Note: we used a very simple approach for static analysis. Work will continue in #3353

[sydseter]

@cpholguera Have a look when you have the time.

[sydseter]

We need to do a renumbering of the tests. I wasn't sure which numbers to give them. These should completely replace MASTG-TEST-0021.

[cpholguera]

Awesome! I'll take a look when I'm back from vacation 🌴 Thanks a lot!

[cpholguera]

Thank you so much, @sydseter, this is really good! Please take a look at my feedback, and let me know if I can answer any questions.

---

Review Tip:

Please use the "Commit Suggestions" button to incorporate the suggestions as much as possible, as indicated here. This way, we can easily track the comments and suggestions, and they will be automatically resolved.

[sydseter]

Regarding the failing website build, it's most certainly because my code changes originate from a forked repository and therefore lack the necessary rights to use any tokens/secrets from this repository.
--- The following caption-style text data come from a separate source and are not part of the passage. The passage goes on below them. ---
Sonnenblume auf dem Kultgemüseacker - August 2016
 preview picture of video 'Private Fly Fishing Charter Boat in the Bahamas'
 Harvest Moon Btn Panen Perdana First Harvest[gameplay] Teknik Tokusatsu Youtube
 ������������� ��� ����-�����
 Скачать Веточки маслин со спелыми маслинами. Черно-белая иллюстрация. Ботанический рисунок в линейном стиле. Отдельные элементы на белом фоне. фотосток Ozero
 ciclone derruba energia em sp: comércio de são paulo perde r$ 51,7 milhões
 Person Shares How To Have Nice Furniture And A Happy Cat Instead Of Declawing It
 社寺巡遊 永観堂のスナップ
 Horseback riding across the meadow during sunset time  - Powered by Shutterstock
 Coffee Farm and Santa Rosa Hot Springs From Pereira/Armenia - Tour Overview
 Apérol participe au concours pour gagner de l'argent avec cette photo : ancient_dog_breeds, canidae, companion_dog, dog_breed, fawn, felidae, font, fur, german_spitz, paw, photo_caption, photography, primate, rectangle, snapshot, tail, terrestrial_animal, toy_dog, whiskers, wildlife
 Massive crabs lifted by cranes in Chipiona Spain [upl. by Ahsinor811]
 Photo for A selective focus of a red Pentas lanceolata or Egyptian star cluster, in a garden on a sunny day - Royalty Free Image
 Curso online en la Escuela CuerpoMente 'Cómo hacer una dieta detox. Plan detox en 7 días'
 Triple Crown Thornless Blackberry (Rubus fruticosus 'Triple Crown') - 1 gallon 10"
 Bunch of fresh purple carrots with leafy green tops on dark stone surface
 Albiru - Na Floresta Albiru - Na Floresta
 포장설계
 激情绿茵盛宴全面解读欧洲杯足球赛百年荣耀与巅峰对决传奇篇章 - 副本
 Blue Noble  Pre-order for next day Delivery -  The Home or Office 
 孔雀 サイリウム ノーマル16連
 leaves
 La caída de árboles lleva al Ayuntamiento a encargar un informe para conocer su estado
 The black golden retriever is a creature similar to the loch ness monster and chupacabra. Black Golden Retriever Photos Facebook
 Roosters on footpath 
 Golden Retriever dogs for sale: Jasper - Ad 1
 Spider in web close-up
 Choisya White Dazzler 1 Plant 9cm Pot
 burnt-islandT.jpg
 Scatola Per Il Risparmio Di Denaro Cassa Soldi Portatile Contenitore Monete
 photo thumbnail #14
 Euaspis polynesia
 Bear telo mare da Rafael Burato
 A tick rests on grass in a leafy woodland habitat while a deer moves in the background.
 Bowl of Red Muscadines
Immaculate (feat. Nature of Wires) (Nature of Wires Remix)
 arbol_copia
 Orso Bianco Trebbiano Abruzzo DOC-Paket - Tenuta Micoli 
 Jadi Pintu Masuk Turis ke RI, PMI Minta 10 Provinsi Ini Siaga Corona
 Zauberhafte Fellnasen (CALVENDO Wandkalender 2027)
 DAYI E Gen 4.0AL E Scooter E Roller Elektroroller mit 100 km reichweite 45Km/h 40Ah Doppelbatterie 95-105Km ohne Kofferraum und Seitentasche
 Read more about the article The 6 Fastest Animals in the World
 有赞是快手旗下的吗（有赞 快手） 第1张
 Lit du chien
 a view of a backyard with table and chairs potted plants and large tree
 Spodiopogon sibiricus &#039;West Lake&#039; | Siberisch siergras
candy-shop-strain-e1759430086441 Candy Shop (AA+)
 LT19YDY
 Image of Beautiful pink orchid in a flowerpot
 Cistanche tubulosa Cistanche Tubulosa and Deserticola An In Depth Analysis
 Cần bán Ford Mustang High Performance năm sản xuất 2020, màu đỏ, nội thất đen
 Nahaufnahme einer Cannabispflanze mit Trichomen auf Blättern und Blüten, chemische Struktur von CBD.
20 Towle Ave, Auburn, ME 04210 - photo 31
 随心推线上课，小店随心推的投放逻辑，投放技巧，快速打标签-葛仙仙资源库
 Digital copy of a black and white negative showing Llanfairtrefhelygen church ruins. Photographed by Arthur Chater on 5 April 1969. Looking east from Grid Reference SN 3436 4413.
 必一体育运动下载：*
WARNING - ⚠️ Connection Error, skipping GitHub API Requests
WARNING -
⚠️ GitHub Token not set. Some features will be limited.
WARNING - To fix this issue, please set the GITHUB_TOKEN environment variable:
WARNING - export GITHUB_TOKEN=your_github_token_here
WARNING - You can create a token at: https://github.com/settings/tokens

[Copilot]

Pull Request Overview

This PR ports MASTG-TEST-0021 to Android, deprecates the old test, and adds new static tests (0282–0286), Semgrep rules, and corresponding demo samples to validate server certificate, hostname, and WebView SSL error handling.

• Deprecate MASTG-TEST-0021 and reference new V2 tests
• Add tests 0282–0286 covering unsafe TrustManager, HostnameVerifier, onReceivedSslError, API-level CA trust, and user-provided CAs
• Introduce Semgrep rules and demo projects (0054–0057) with run scripts and sample code

Reviewed Changes

Copilot reviewed 35 out of 35 changed files in this pull request and generated 2 comments.

Show a summary per file

File	Description
tests/android/MASVS-NETWORK/MASTG-TEST-0021.md	Mark old test as deprecated and link to new tests
tests-beta/android/MASVS-NETWORK/MASTG-TEST-0282.md to 0286.md	Add five new static test specifications for network security
rules/mastg-android-network-*.yml	Add Semgrep rules to detect unsafe TrustManager, hostname, SSL use
demos/android/MASVS-NETWORK/MASTG-DEMO-0054–0057/*	Add demo apps, run scripts, sample code, and expected outputs
apps/android/MASTG-APP-0018.md	Add descriptor for the test application

Comments suppressed due to low confidence (3)

tests/android/MASVS-NETWORK/MASTG-TEST-0021.md:12

• [nitpick] Use consistent deprecation metadata across test files—for example, replace status: deprecated with deprecated_since to match other tests.

status: deprecated

rules/mastg-android-network-onreceivedsslerror.yml:11

• The rule matches any override of onReceivedSslError but doesn't verify if handler.proceed() is called—consider refining the pattern to specifically flag overrides that silently call proceed() without validation.

        - public void onReceivedSslError(...) {...}

apps/android/MASTG-APP-0018.md:1

• [nitpick] YAML frontmatter is missing an id field—adding it would align with the format of other app descriptors.

---

[cpholguera]

Excellent work @sydseter, thank you so much and please keep them coming!